2024
Al Cossar
Cinematically synonymous with the bluster of a Melbourne winter, MIFF’s return in 2024 heralds a heady voyage and a venturing into films far from our doorstep, and far from the rickety pseudo-imaginations of the entertainment currently clogging up the screens, feeds and brains of Melburnians.
Prepare to have the vanilla-dopamine hits of your non-MIFF-season entertainment shattered, once again, by cinema.
The festival starts with a hometown celebration of one of our finest Melburnian moviemakers: Adam Elliot’s long-awaited MIFF Premiere Fund–supported Memoir of a Snail – dark, delightful and attuned to the shonkily beloved wavelengths of Australian suburbia (not to mention the joys of a Chiko Roll). Opening Night will be a moment you must be there for – along with so many others this year.
From Justin Kurzel’s portrait of Warren Ellis in Ellis Park, a film so contemporary in the binds it makes between compassion and creativity, to our world-premiere Family Gala of Magic Beach, Robert Connolly’s ambitious adaptation of the beloved Australian children’s classic (and don’t forget the repeat screening at Peninsula Hot Springs for a more aquatically immersive movie-going time!), there are films to be found for everyone among this year’s bumper 250+ film crop.
Films that will hone your mind to the urgent matters of the world around you; others that will take you far from any semblance of reality; there are the formally adventurous and the experimentally leaning, the hilarious, the terror-inducing, and those that are warm hugs to reset your heart amid the cold days.
This year, we’re particularly thrilled to present a major retrospective program uniquely curated for MIFF from The Museum of Modern Art (MoMA) New York’s landmark Iranian Cinema before the Revolution, 1925–1979 retrospective. Iranian New Wave: 1962–79 is an expansive collection of underseen and outrightly unseen greats of the Iranian cinema canon from the 60s and 70s, also including nonfiction and rarely screened work from the golden era of Iranian animation. It’s a rare onscreen opportunity not to be missed.
Elsewhere, our Bright Horizons competition is unmissable cinema – returning for its third year, a lightning rod for the most important breakthrough voices in world cinema, as we celebrate the new, the next, the bold and the best. All presented in Australian premiere (and many with IMAX screenings!), and with a number of international filmmakers on the ground in Melbourne, Bright Horizons flips the film-competition model to focus on discovery, on ascent into auteurship – a chance for audiences to meet the most important new filmmakers as they shape cinema before your eyes. I hope you’ll check out what has come to be one of the most singular and exciting destinations for film within the program-at-large.
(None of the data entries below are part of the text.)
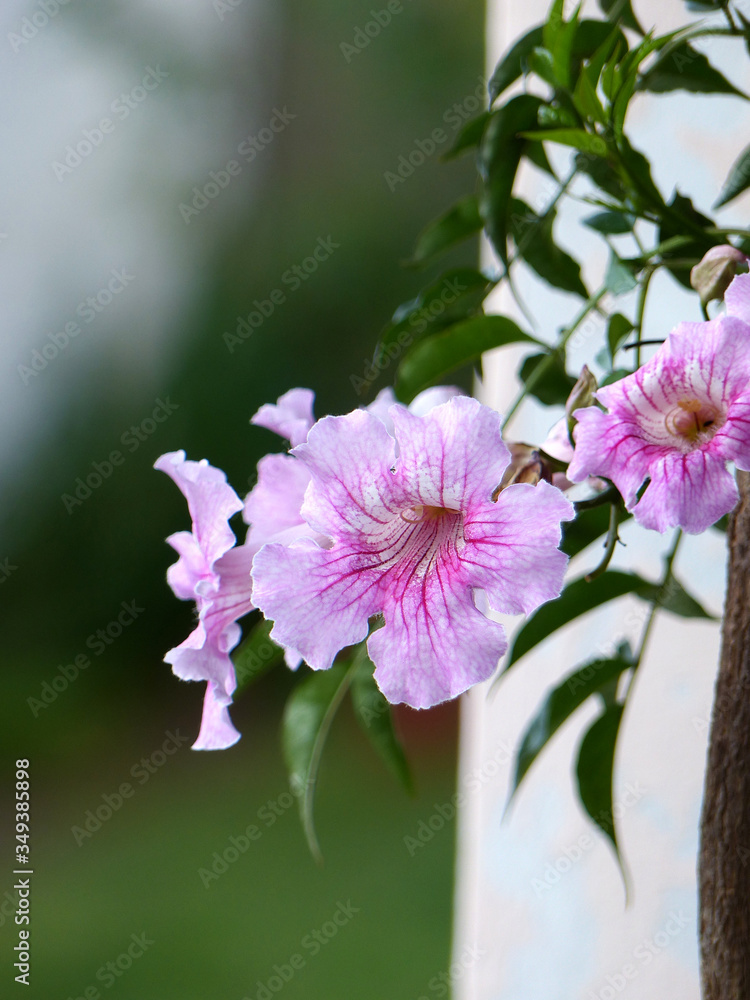 Fototapeta premium Bignonia Rosa 2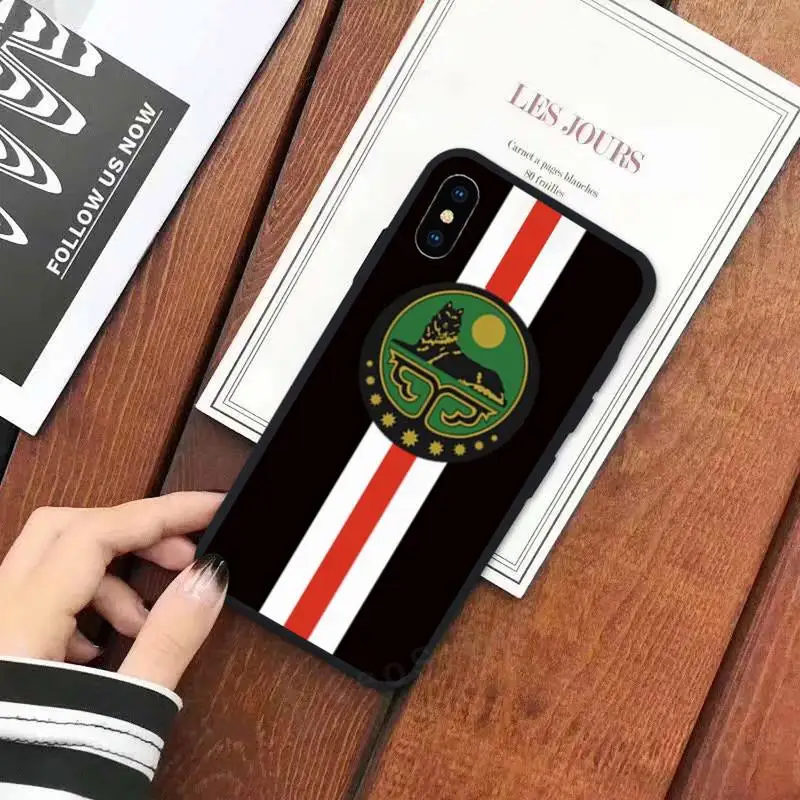 

Chechnya fashion flag pattern luxury high quality Phone Case for iPhone 11 12 mini pro XS MAX 8 7 6 6S Plus X 5S SE 2020 XR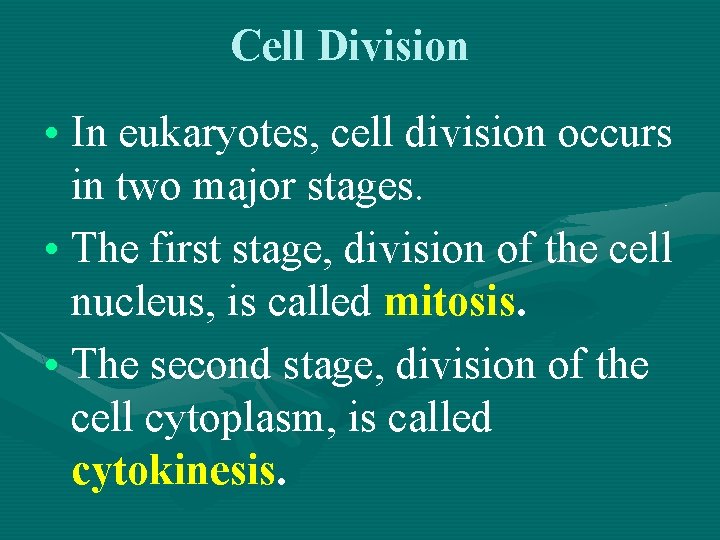 Cell Division • In eukaryotes, cell division occurs in two major stages. • The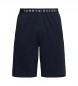 Tommy Hilfiger Gestrickte Shorts mit Logo in Marineblau
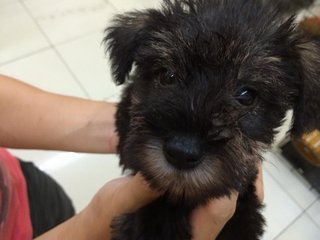 Miniature Schnauzer  - Schnauzer Dog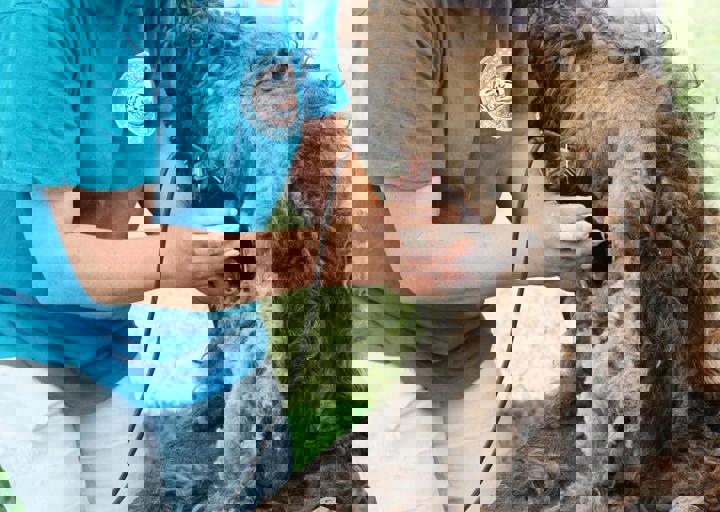 16_05220292.jpg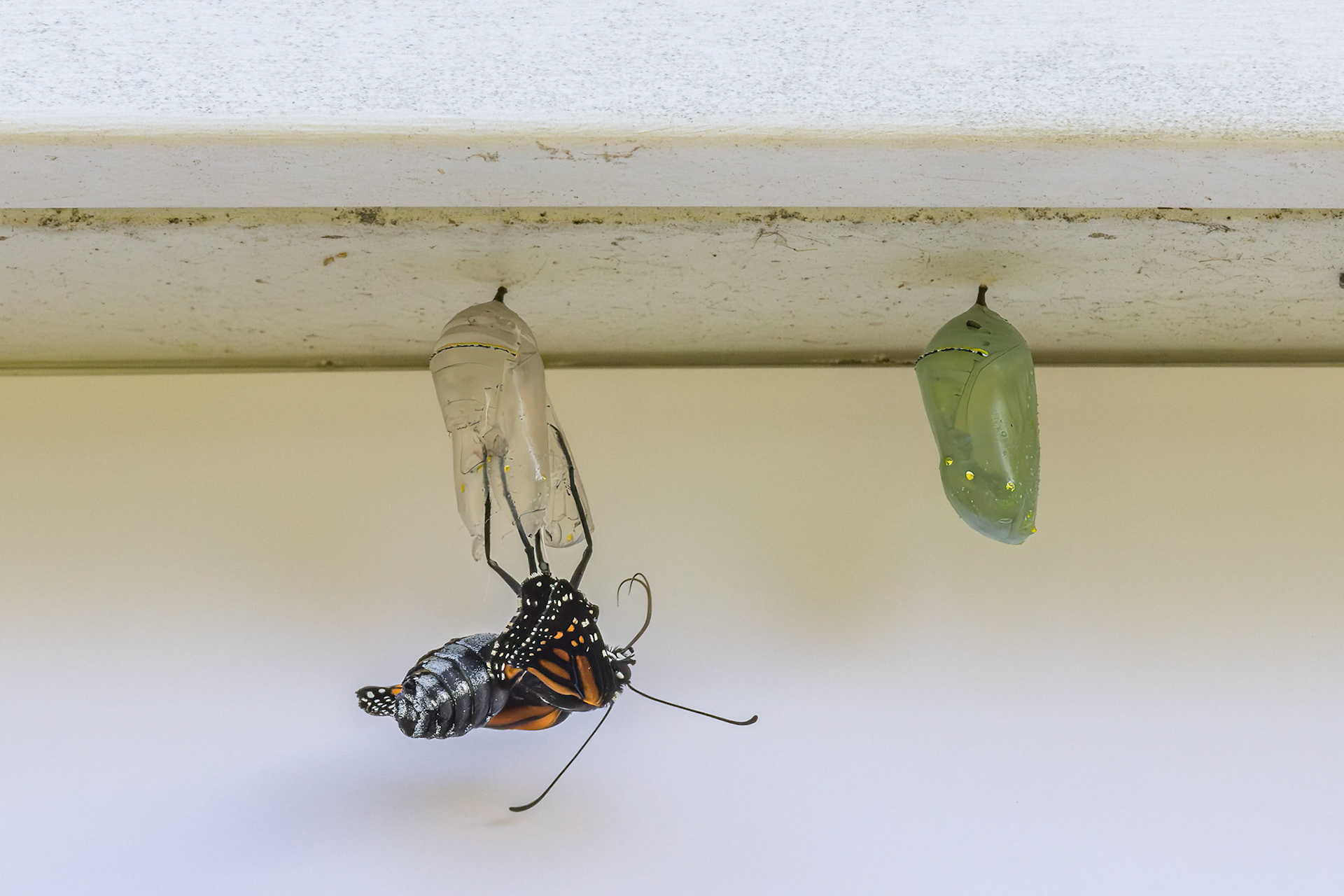Monarch hatching 4, Private home in Calabash, NC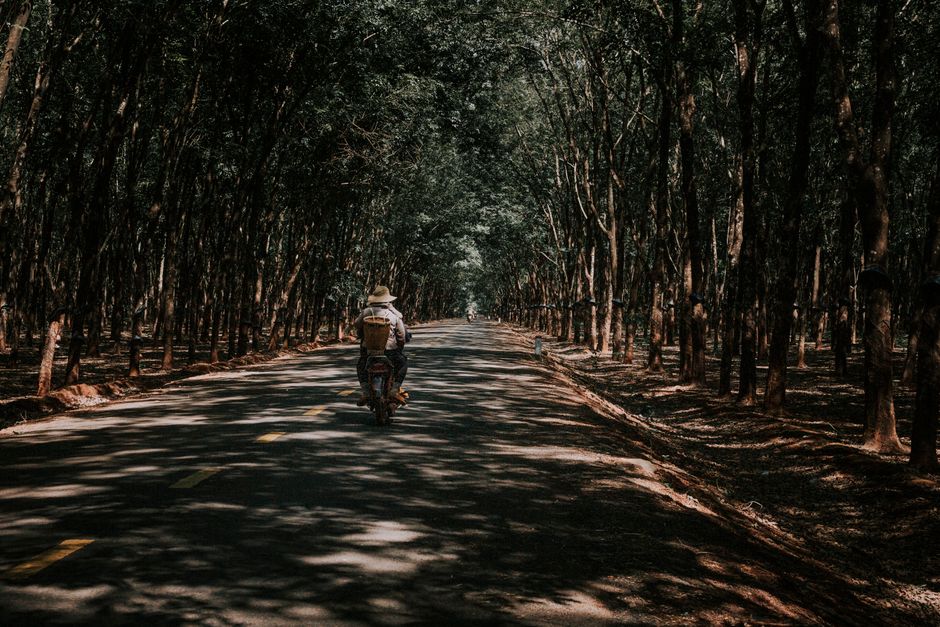 Ausflug nach Nettersheim
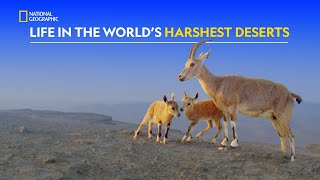 Life in Hostile Deserts  Hostile Planet  हिंदी  S1  E4  Nat Geo Wild [upl. by Eittocs]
MIFF, again, continues to meet you where you are: within metropolitan Melbourne, alongside weekend expansions to seven country Victorian towns, or all across Australia at your place, with a selection of festival highlights screening via MIFF’s online season on ACMI’s virtual Cinema 3.
Being part of an audience these days is not a passive pursuit, and that is at the heart of the modern MIFF. Our hometown’s own brand of cinematic maximalism, a path forged across hundreds of movies – it’s a beautiful thing, and it is back to enjoy. Thank you, as ever, for being a part of MIFF, and for your support of and interest in the festival. We at MIFF hope this program catches your curiosity. We’ll see you in the cinema this August.